O mal-estar persistente e misterioso

Cada época curte seus deslumbramentos e lamenta suas perdas. A busca do equilíbrio é um registro histórico inegável. Há quem se descuide, goste de viver os perigos dos extremos contínuos. Freud não deixou de alertar para as dificuldades que cercam o fazer humano. Esquecemos que as comparações ajudam, porém não respondem a todas as inquietudes das incertezas. As conquistas de Aristóteles têm suas especificidades. Não vamos, portanto, torná-las companheiras inseparáveis dos pensamentos de Kant ou de Rousseau. Quem trabalhou  no pique da Revolução Industrial não imagina as peripécias flutuantes do capitalismo financeiro. A adivinhação termina sendo uma grande brincadeira.

Contemplar o conhecido é um hábito. Os instantes correm, acumulam informações, oferecem alternativas, lembram desgovernos. Não há, contudo, como se desviar do passado. Ele nos compõe e nos acompanha. A velocidade do mundo contemporâneo não impede que as histórias sejam narradas. Temos que desenhar sentidos, articular experiências, suspender certezas. Na busca do equilíbrio, os prazeres ganham espaços, mas é preciso compreendê-los. O presente configura-se, selecionando momentos, refazendo conteúdos. Estamos longe de considerar a possibilidade de representar o passado tal como ele realmente aconteceu. Isso nos recorda os ensinamentos do século XIX, os delírios de uma ciência que se procurava.

As controvérsias da felicidade se interligam com as aventuras históricas. Podemos atiçar polêmicas. A história é a síntese da luta de classes ou ou uma estratégia, sempre, retomada para segurar sonhos e desejos? A persistência de projetos e amarguras sinaliza  que os fracassos são inevitáveis, no entanto nossa capacidade de invenção não adormece. As épocas se distinguem, exigem controles diferentes, temem ousadias criticadas. No meio das celebrações das alegrias, surgem desperdícios e desenganos. Não dá para esclarecer tantas perplexidades e considerar os mistério inúteis e descartáveis. Enfrentamos as misturas, para mantermos proximidades com as sabedorias. Pode ser uma ilusão?

Como administrar, justificar, aprisionar o efêmero que anuncia superações? Como entender que as narrativas colocam sentidos, mas também fogem de encontros comuns e frequentes? As emoções não excluem as andanças dos raciocínios e das objetividades. Não dá para firmar datas de origens, mas localizar indícios, visualizar sentimentos tontos que formam o mal-estar da cultura. É ingênuo embarcar numa felicidade contínua e inexpugnável, negar a incompletude com os encantos das redenções políticas e religiosas. A vida não se faz sem desertos, mesmo que os objetos povoem nossas moradia com distrações. A subjetividade é complexa, pede recolhimentos.

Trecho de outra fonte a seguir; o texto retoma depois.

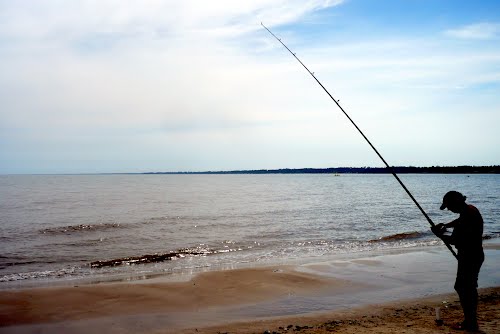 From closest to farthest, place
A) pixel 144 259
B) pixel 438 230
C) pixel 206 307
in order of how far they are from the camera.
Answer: pixel 438 230 → pixel 206 307 → pixel 144 259

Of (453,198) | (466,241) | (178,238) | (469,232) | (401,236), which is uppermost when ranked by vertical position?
(453,198)

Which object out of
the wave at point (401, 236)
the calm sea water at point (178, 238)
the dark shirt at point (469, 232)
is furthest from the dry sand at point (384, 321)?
the wave at point (401, 236)

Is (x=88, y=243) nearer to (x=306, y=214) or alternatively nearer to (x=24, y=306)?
(x=24, y=306)

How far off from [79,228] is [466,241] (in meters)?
20.9

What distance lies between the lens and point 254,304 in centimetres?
890

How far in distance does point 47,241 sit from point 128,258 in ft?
19.3

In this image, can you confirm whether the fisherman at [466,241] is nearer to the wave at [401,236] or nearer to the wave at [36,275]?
the wave at [36,275]

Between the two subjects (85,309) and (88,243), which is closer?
(85,309)

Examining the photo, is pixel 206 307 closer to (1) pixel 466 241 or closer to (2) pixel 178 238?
(1) pixel 466 241

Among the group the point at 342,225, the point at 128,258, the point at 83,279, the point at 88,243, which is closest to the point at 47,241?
the point at 88,243

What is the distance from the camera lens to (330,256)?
15.1 metres

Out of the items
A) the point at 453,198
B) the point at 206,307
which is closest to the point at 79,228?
the point at 206,307

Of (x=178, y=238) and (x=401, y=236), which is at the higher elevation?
(x=178, y=238)

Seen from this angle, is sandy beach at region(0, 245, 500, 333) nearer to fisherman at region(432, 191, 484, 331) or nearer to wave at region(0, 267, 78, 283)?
fisherman at region(432, 191, 484, 331) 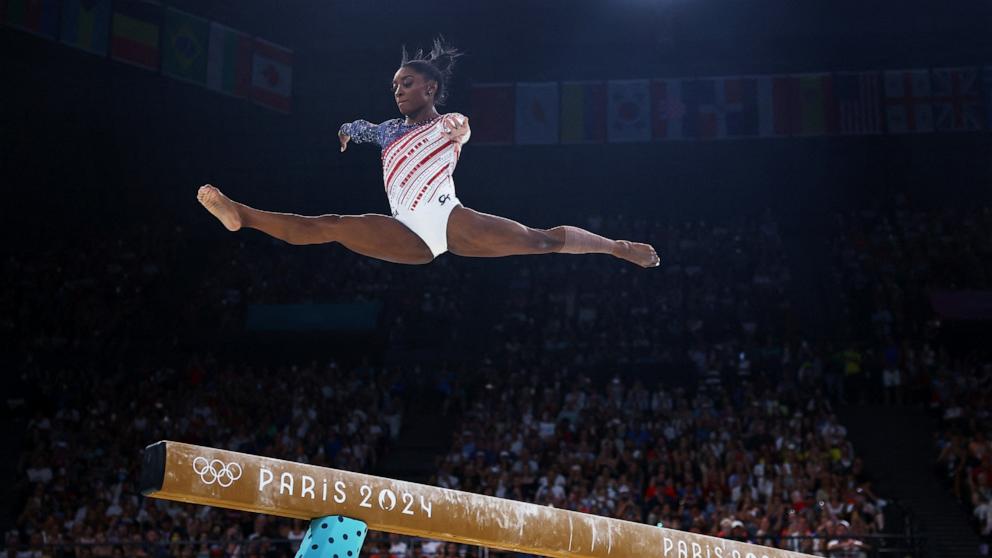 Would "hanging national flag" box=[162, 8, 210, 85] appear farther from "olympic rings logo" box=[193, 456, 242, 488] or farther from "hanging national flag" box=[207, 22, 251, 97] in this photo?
"olympic rings logo" box=[193, 456, 242, 488]

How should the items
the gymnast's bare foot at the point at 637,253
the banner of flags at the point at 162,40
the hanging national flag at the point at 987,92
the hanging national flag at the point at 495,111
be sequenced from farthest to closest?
the hanging national flag at the point at 495,111
the hanging national flag at the point at 987,92
the banner of flags at the point at 162,40
the gymnast's bare foot at the point at 637,253

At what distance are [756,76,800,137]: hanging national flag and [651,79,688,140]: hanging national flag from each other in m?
1.50

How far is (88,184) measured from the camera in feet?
82.2

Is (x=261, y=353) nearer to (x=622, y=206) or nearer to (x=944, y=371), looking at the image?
(x=622, y=206)

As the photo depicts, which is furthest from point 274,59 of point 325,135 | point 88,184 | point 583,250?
point 583,250

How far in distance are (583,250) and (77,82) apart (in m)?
20.1

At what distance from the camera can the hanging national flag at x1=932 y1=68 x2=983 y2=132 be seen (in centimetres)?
2164

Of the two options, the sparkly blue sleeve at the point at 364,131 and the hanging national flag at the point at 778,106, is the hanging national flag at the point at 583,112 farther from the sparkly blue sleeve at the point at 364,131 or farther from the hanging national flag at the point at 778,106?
the sparkly blue sleeve at the point at 364,131

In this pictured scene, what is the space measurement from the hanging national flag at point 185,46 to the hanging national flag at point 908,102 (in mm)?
12998

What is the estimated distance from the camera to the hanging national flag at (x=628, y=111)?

Nomeamos cada tempo que vivemos como um ato de astúcia. As coisas sem nome nos incomodam. As palavras respiram, movem a cultura, pois a linguagem marca as sociabilidades. A modernidade trouxe planejamentos revolucionários, mas naufragou na realização de muita coisa. Ela perdura. As épocas históricas não se extinguem de vez.  Quantas práticas escravistas ainda exercitam explorações desmedidas? Os amores românticos não acendem corações apesar das friezas tecnológicas? Tudo tem o perfume do paradoxal. As perguntas não cessam, nem tampouco as desconfianças. Os dogmas reaparecem com outras vestes. O equilíbrio instável, contraditório, assanha as teoria sobre a felicidade. O mal-estar é andarilho. Funda suas trilhas, modernas ou pós-modernas.

PS: Por motivo de viagem, manterei o mesmo texto no sábado e no domingo.